I agree, and it has been done at some organisations by mandating tools and dependency-management practices which enable downstream testing (eg. Blaze at Google). As a practical matter that is difficult to achieve when crossing a Conway boundary, but I expect Github will start feeding test information back upstream as time goes on.

A variant of this idea that would be more useful to me personally would be some measure of how actively maintained my dependencies are. It would be nice to know if my long-lived project depends on something that has been abandoned.

Details might be tricky, given that some very useful packages simply don't need frequent updates.

I like the drift metric more, because some libraries are simply stable and don't need much updates anymore, this doesn't mean they are bad for your system.

I think you're on to something here. This is hot topic amongst our teams right now. Dependency maintenance looks to me to be one of those things like code duplication that correlates strongly with a multitude of sins.

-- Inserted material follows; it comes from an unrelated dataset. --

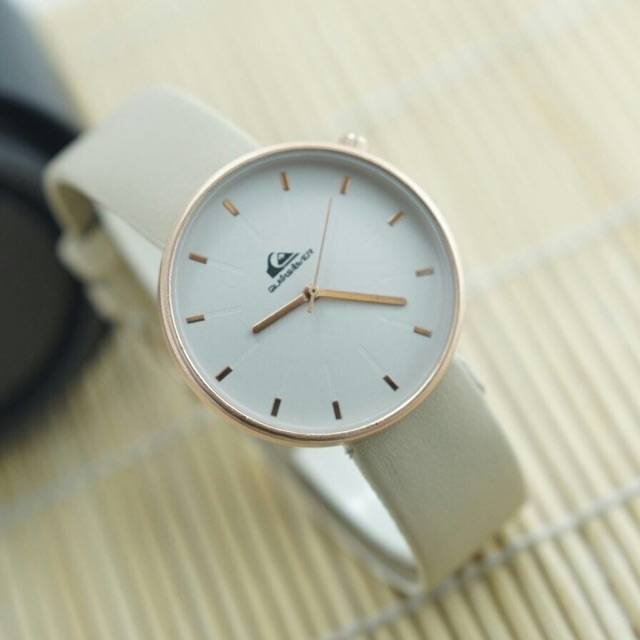Jam tangan wanita/cewek quiksilver kulit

It's also interesting to see someone else building a tool around a new metric. I'm doing something similar (shameless plug -> https://without.fail/estimate-accuracy) for determining how well estimates correlate with actual development times. I could definitely take some lessons from you because Dependency Drift is way more brandable than Estimate Accuracy.

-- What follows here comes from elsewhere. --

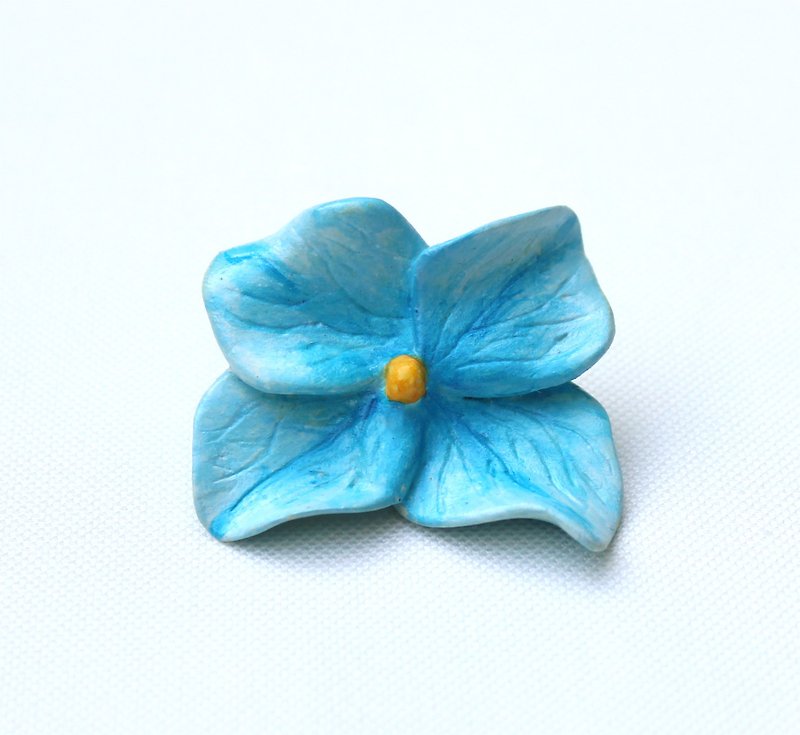 Handmade blue hydrangea  brooch - Brooches - Clay Blue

Doesn't this just re-invent the Libyears metric?


I have skimmed through this article, it seems fairly long but light on details. How does this differ from libyears? What actually is your metric?

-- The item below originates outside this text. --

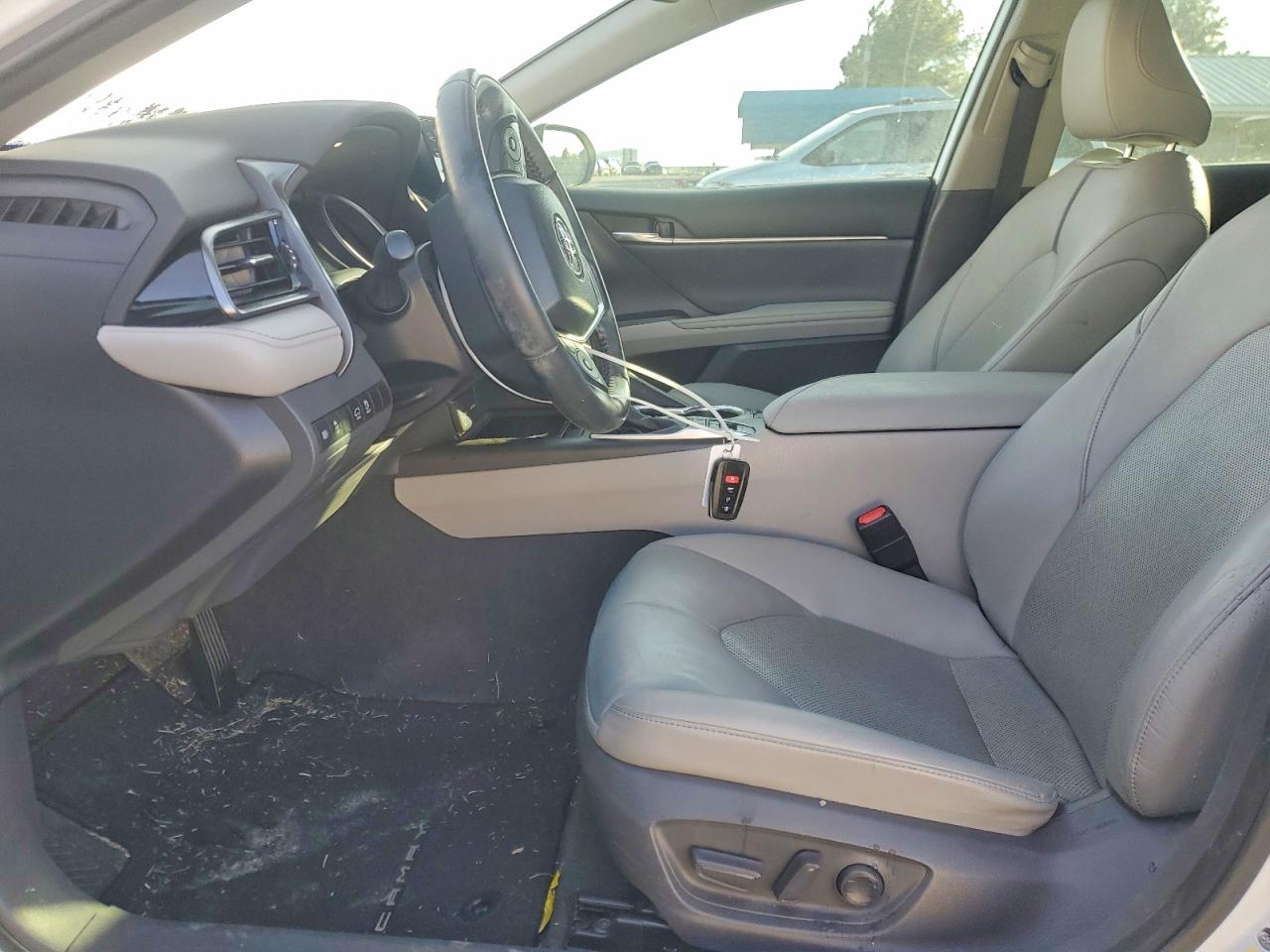 Toyota Camry Xle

That site (libyear.com) IMHO makes the concept refreshingly clear, this "Dependency Drift" site seems vague and markety. It's trying to make a big deal out of something, but what remains unclear after reading it. The libyear site is the opposite - clear and not a big deal.

The problem is that this is a bunch of bollocks. But at the same time, that might actually resolve my problem with it as the pain gets fed back.

If one is very very lucky, a library will have accurate changenotes explaining what the version increment actually means, distinguishing between security updates and wanking-over-new-subdependency-for-shiny-irrelevant-features updates.

However, if people are penalised for not wasting their time chasing the latest version of leftpad-with-custom-characters-except-in-locations-which-are-prime-or-square.0.4.3-beta.butnotreally, maybe we'll see shallower dependency trees in the important stuff.

Where 'important' ends up being defined as 'the packages which everyone else gravitates to, and therefore can't be avoided'.

Ideally we'd see security updates for previous major versions of things, for those of us without feature addiction, but that would demand more of the devs producing this crap.

I agree this is an important metric and a kind of technical debt that's hard to capture.

How do you discriminate this from RenovateBot or Dependa-Bot? Both of those will not only track the drift but they'll also generate the PR to fix it.

Co-author here, thanks for the input. We use Dependabot on all our projects and love it. I've not seen any kind of numeric metric in Dependabot or any of their competitors.

What I really want is a graph that shows, numerically, the drift over time. You can show this to your stakeholders: "See, look! We haven't dedicated time to stack upgrades and now look how far out of date we are creeping." And then, consequently, I want to see that chart burn down to zero as you do stay on top of things with the help of Dependabot or similar.

This is the libyears metric ( https://libyear.com/ ) tracked over time.

Or are you using a different metric that you haven't defined for us?

As a freelancer, this sounds really interesting to me. It's always hard to sell people maintenance.